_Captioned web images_
# # # # # # #

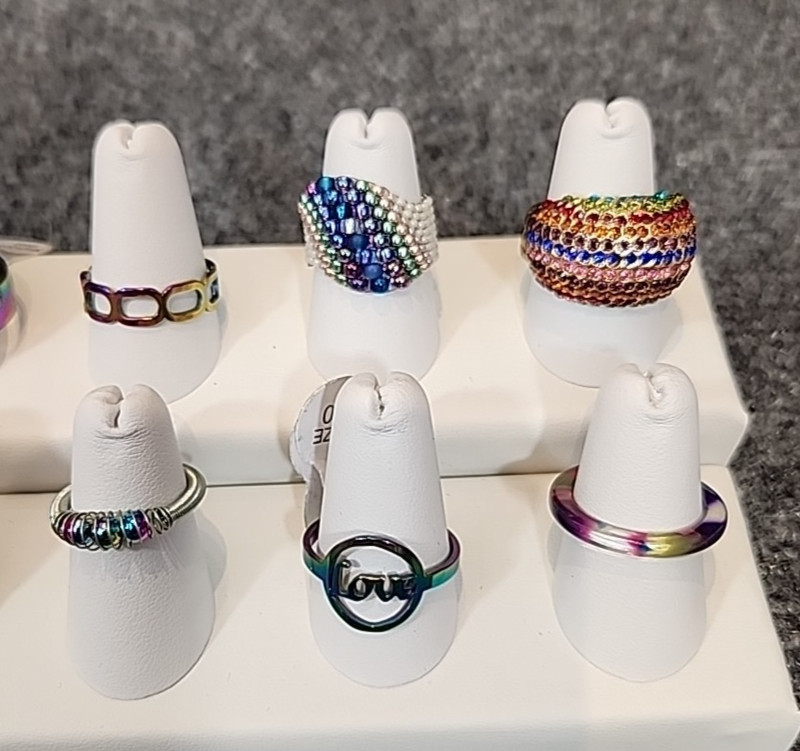 Jewelry 12 Rings Rainbow Collection See Description Lot #211
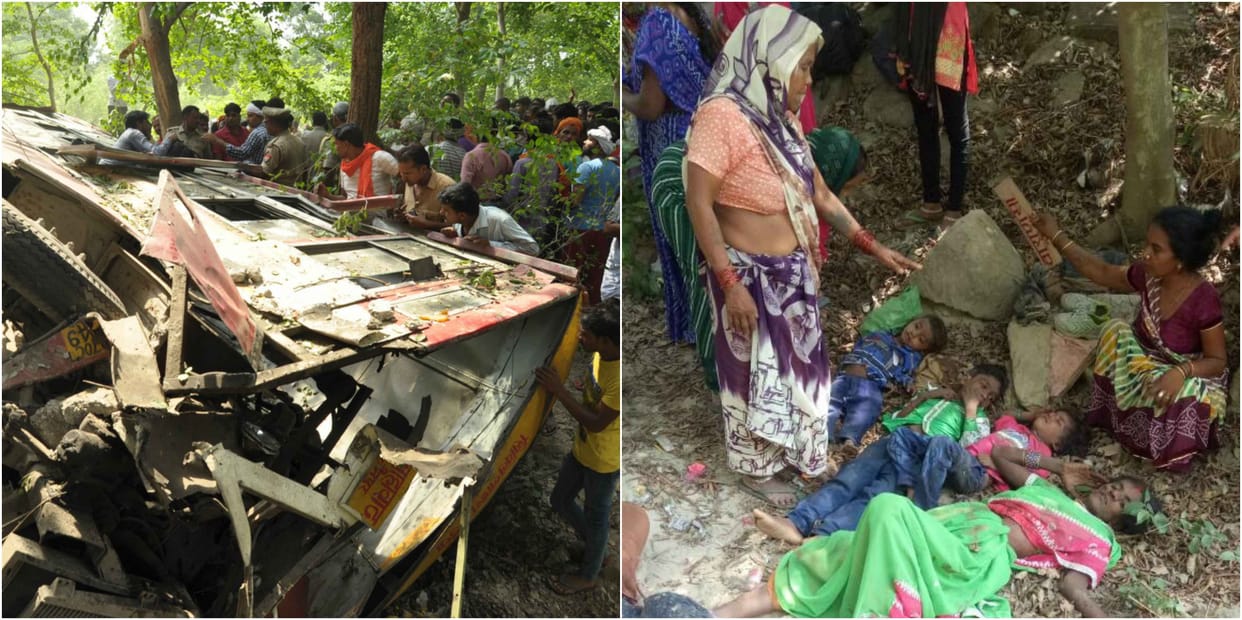 see the photos of jaunpur major bus accident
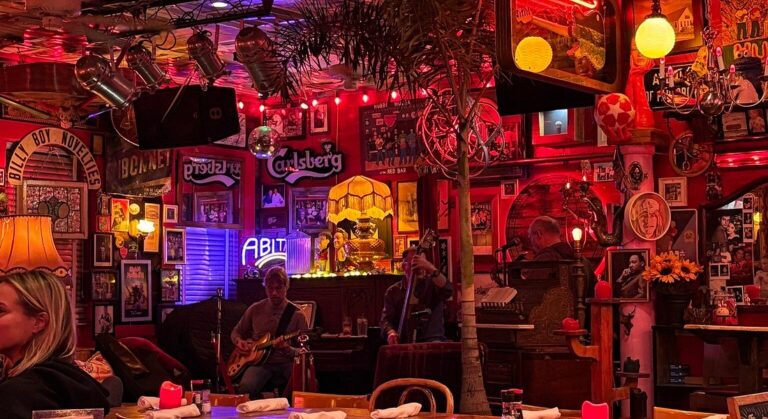 Colorful interior of The Red Bar in Grayton Beach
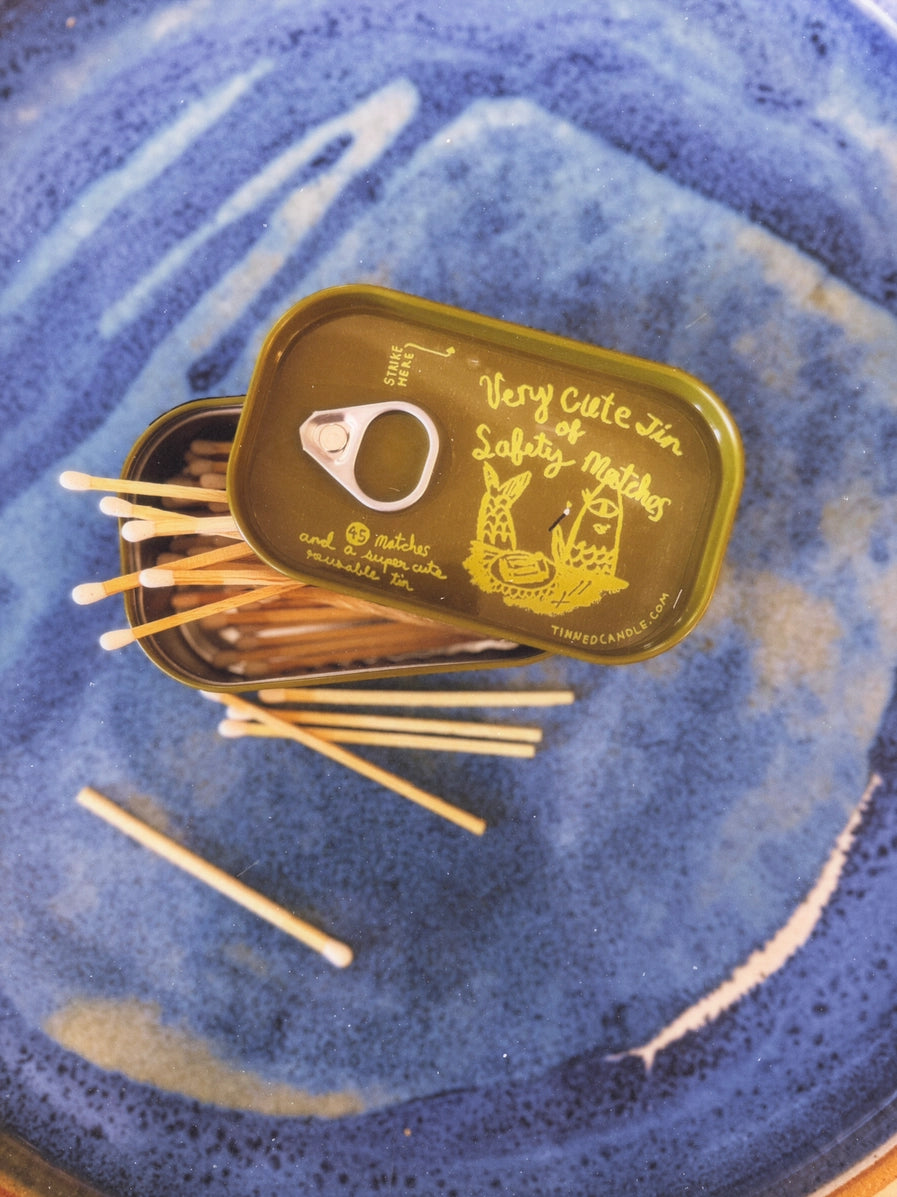 Tinned Fish Candle - Very Cute Tin of Safety Matches | Green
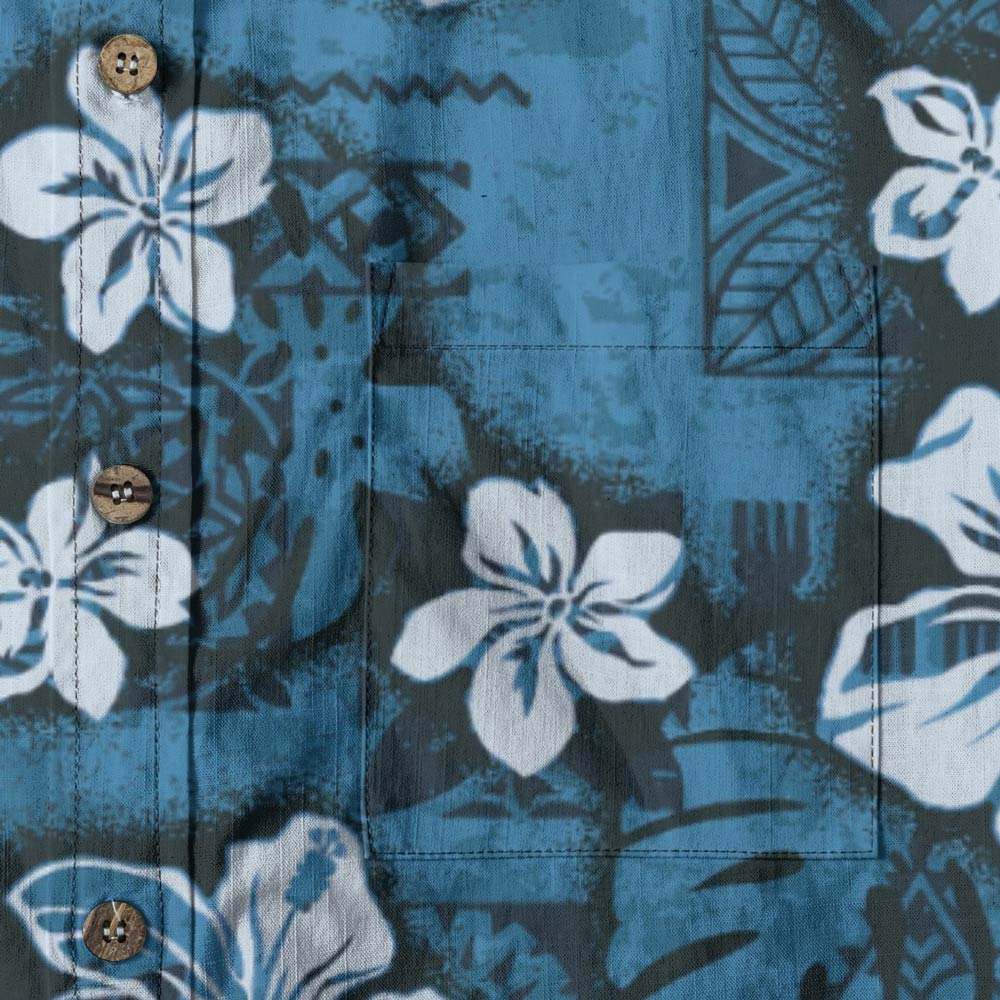 Classic Navy Blue Cotton Hawaiian Shirt Button Down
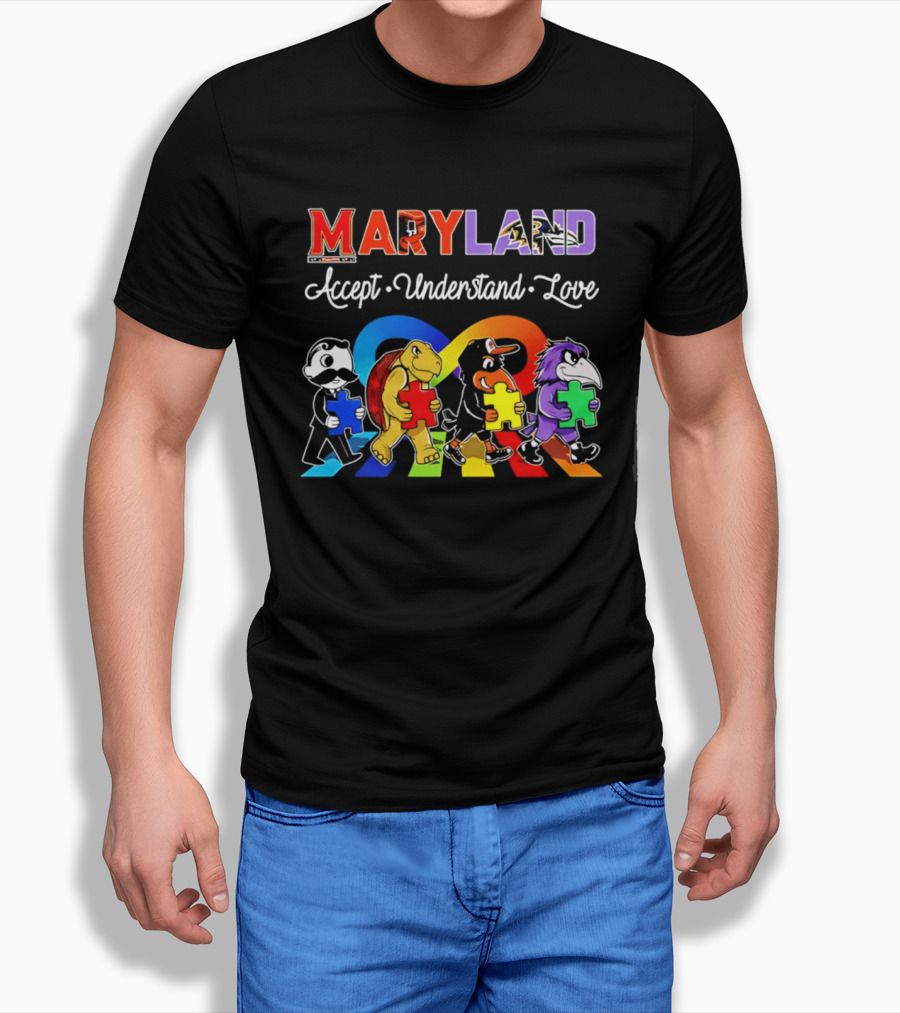 Maryland Pride Accept Understand Love With Sports Mascots And Puzzle Pieces T-Shirt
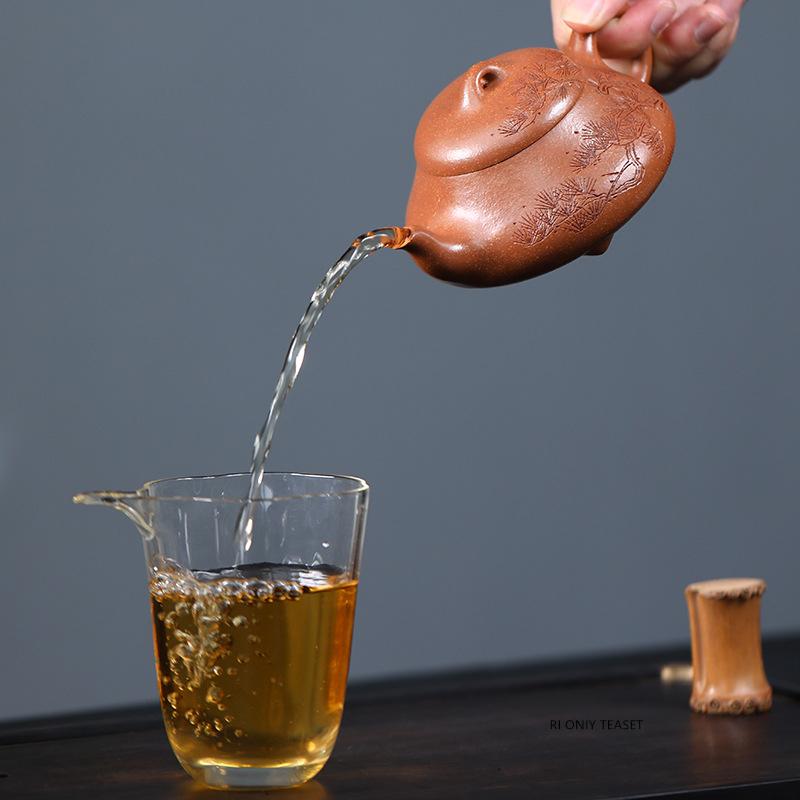 220ml Chinese Yixing Purple Clay Stone Scoop Teapots Beauty Tea Infuser Kettle Hand-carved Pine Tree Tea Pot Zisha Tea Set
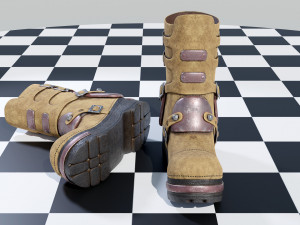 Metal Leather Boots Modelo 3D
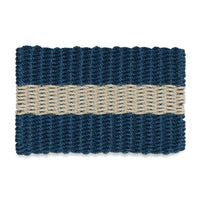 Thumbnail for Lobster Rope Doormats, Outdoor Door Mats, Wicked Good Door Mats Made in Maine, Navy with Dark Tan Stripe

# # # # # # #

When you copy the entries above, keep every word exactly and omit the images.

 Jewelry 12 Rings Rainbow Collection See Description Lot #211
 see the photos of jaunpur major bus accident
 Colorful interior of The Red Bar in Grayton Beach
 Tinned Fish Candle - Very Cute Tin of Safety Matches | Green
 Classic Navy Blue Cotton Hawaiian Shirt Button Down
 Maryland Pride Accept Understand Love With Sports Mascots And Puzzle Pieces T-Shirt
 220ml Chinese Yixing Purple Clay Stone Scoop Teapots Beauty Tea Infuser Kettle Hand-carved Pine Tree Tea Pot Zisha Tea Set
 Metal Leather Boots Modelo 3D
 Thumbnail for Lobster Rope Doormats, Outdoor Door Mats, Wicked Good Door Mats Made in Maine, Navy with Dark Tan Stripe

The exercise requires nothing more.